Simon and Marie, parents of two young children, are the two main belligerents. Him, professor of history of the Israeli-Palestinian conflict. She, on the other hand, is constantly at full throttle, an ultra-frontal fighter, host of a feminist radio show that is making waves. Suffice to say that electricity emerges from this Hawksian couple, worked against a backdrop of Jewish catastrophism.

The layout of this ordinary hell is stylized, transforming almost every place into a strategic site with an accompanying battle scene. Trivial chaos of the marital apartment. Driven red of the radio. Extreme psychodramatic tension of the mother’s house (Ariane Ascaride as a former leftist and kibbutznik) where the unconscious seriously relaxes, occasionally overflowing in a faecal debacle. J. Ma.

French film by Ilan Klipper.
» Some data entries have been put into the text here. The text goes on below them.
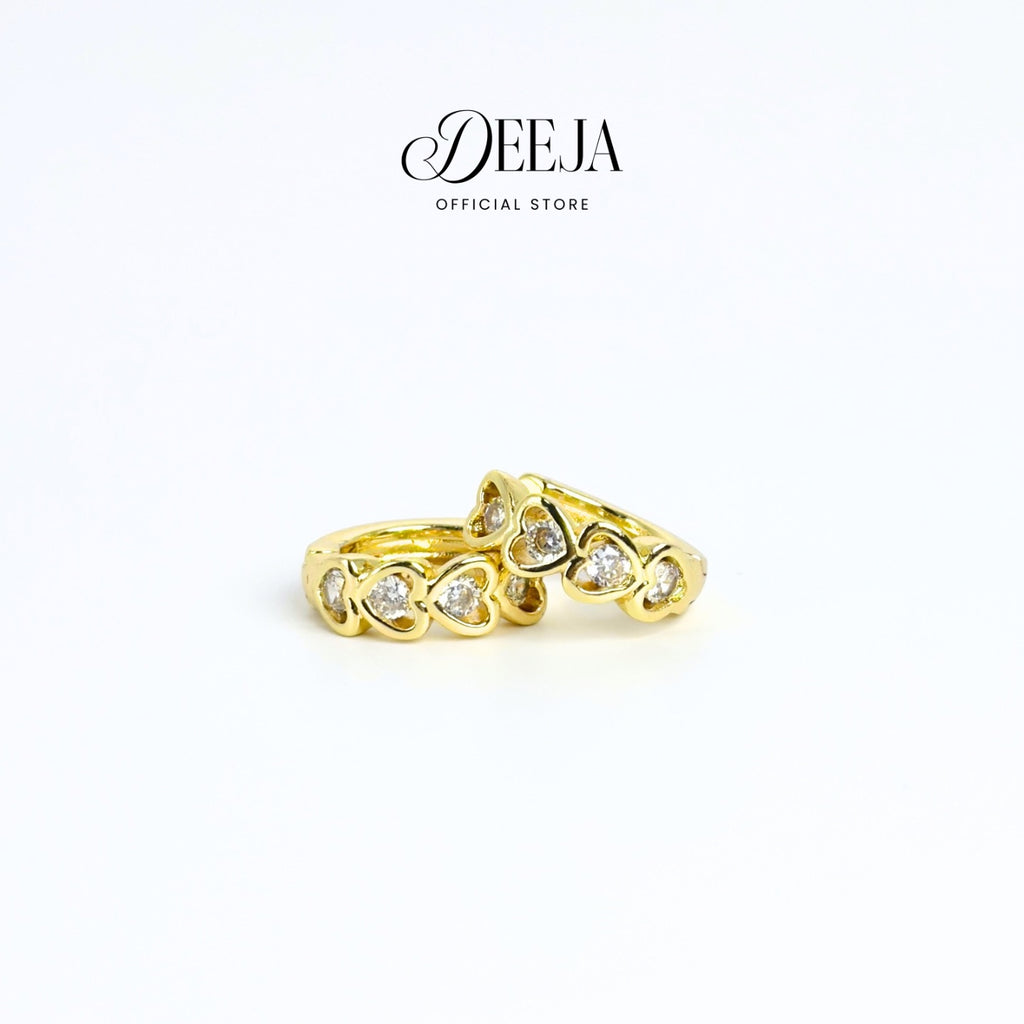 Deeja • Hearts Swiss Diamond Huggie Clip Earrings 18K Gold Coated XN10750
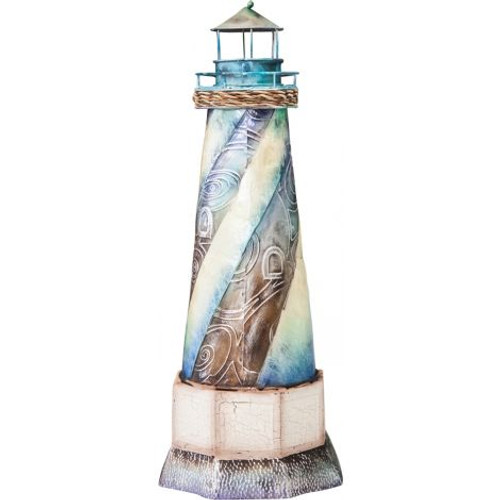 Seaside Lighthouse - Seafoam - 16.5" - Metal & Capiz Art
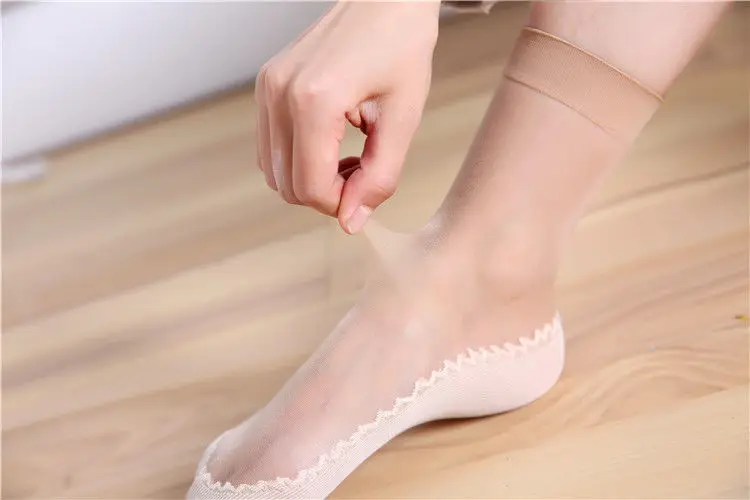 Новые модные пары женские ультратонкие эластичные шелковые короткие однотонные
With Damien Bonnard, Camille Chamoux, Sabrina Seyvecou, ​​Sofiane Khammes, Ariane Ascaride, Jeanne Balibar, Quentin Dolmaire (1h32).

“Marcel the seashell (with his shoes)”: the clam animation

In the category of independent and countercultural American animation, Dean Fleischer-Camp delivers with Marcel the shell (with his shoes) a melodrama with crisp freshness, endowed with a soft poetry and a surrealist inspiration, a breath of fresh air created between real shots and 3D animation. Its main character, the said Marcel, is a small periwinkle-type shell, whose shell presented horizontally constitutes the head, encrusted at the right end with a gigantic eye with a soft green rim.